Zum ersten Mal seit der einseitigen Unabhängigkeitserklärung des Kosovo von Serbien im Februar 2008 saßen in Sarajewo auch die Außenminister beider Staaten an einem Tisch. Dieser Umstand ist das Positivste, das sich aus Sarajewo berichten lässt; doch selbst dieser erste Schritt war eine schwere Geburt. Bei der Tagung wurde auf alle staatlichen Symbole verzichtet, und vor den Teilnehmern standen nur Namensschilder. Diese Form könnte auch für künftige Treffen dienen, damit die bilaterale Zusammenarbeit zwischen dem Kosovo und Serbien etwa im Kampf gegen die Organisierte Kriminalität endlich in Gang kommt. So schnell wird es aber dazu nicht kommen, wenn die Atmosphäre in Sarajewo nicht trügt. Denn ein gemeinsames Bild des serbischen Außenministers Vuk Jeremic und des kosovarischen Außenministers Skender Hyseini gibt es trotz ihrer Teilnahme nicht. Ob wegen der chaotischen Organisation oder aus Absicht – die Drehmöglichkeiten im Tagungssaal waren derart beschränkt, dass nicht ein Mal die Namensschilder der beiden Minister gefilmt werden konnten.
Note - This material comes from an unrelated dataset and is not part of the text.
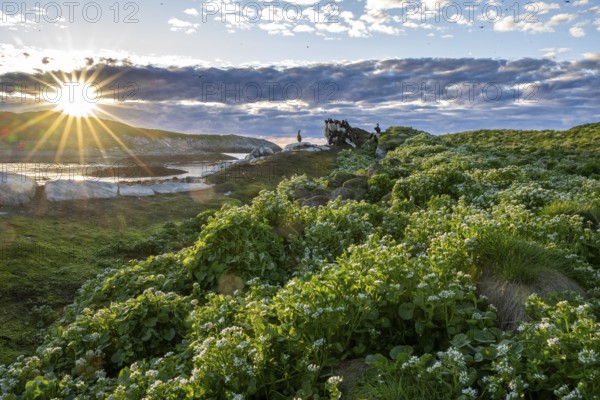 Lush vegetation on Hornoya bird island under a cloudy sky, a group of shags (Phalacrocorax aristotelis) on the horizon in the warm evening light with a spectacular starry sunset midnight sun, Vardø, Finnmark, Norway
Wenig ermutigend für den Westbalkan ist auch die zeitliche EU-Perspektive, die de facto hinter dem Treffen in Sarajewo steht, zumal die Erweiterungsmüdigkeit in vielen EU-Staaten weit verbreitet ist, und etwa Deutschland und Frankreich bei der Konferenz nicht durch ihre Außenminister vertreten waren. Selbst ein Erweiterungsbefürworter wie Außenminister Michael Spindelegger rechnen nicht mit weiteren Beitritten vor dem Jahre 2020. Im Jahr 2000, beim Gipfeltreffen in Agram, bekräftigte die EU zum ersten Mal die europäische Perspektive des Balkan. Seitdem hat nur Slowenien als einziges Land den Beitritt erreicht, und mit Kroatien sind die Verhandlungen in der entscheidenden Phase. Allen anderen Staaten steht jedenfalls noch ein steiniger und langwieriger Weg Richtung Brüssel bevor, das derzeit weit größere Probleme hat und vorwiegend mit Krisen in der EU selbst beschäftigt ist. Trotzdem sollte nicht vergessen werden, dass die Integration des Balkan die letzte große Herausforderung auf dem Weg zu einem vereinten Europa ist.